— TASK OBJECTIVE —
Leave out every picture and set down, exactly, the lines below from the one holding "Youth Brody Donay" up to and including the one holding "Wireless Headset Stereo".

— RECORDS FOR PROCESSING —
%%

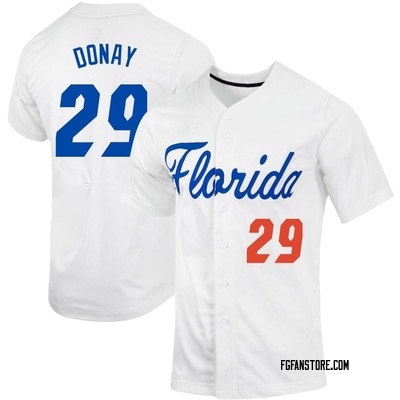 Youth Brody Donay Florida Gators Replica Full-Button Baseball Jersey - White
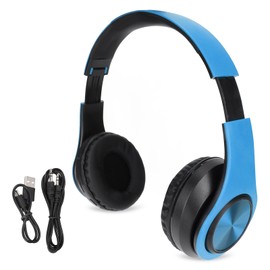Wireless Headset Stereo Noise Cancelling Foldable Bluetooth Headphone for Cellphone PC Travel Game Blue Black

%%
%%

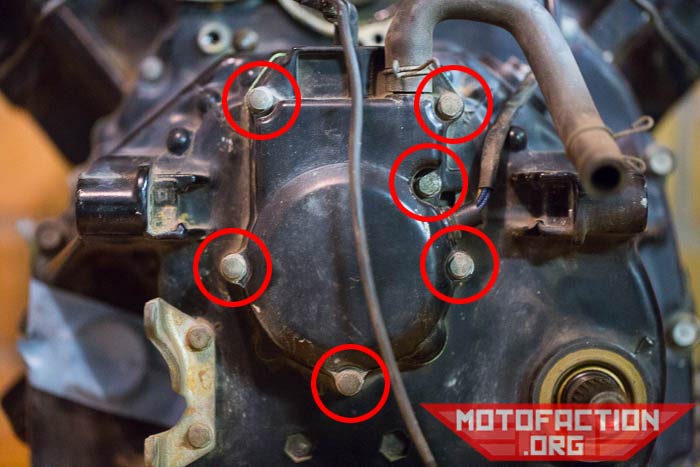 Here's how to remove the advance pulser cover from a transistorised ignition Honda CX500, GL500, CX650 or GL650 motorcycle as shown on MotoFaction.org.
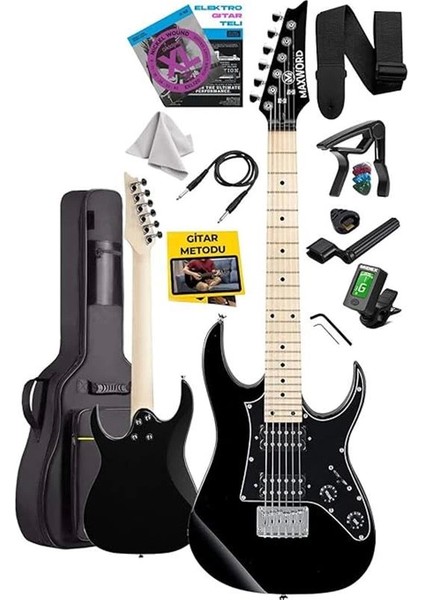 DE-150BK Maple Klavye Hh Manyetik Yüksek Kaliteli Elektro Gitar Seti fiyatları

%%
%%

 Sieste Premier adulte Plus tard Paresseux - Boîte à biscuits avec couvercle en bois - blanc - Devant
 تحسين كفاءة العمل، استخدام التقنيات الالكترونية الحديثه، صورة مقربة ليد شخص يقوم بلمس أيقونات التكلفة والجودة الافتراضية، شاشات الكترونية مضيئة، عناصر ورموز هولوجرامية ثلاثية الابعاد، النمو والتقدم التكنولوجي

%%

— REPLY —
 Youth Brody Donay Florida Gators Replica Full-Button Baseball Jersey - White
Wireless Headset Stereo Noise Cancelling Foldable Bluetooth Headphone for Cellphone PC Travel Game Blue Black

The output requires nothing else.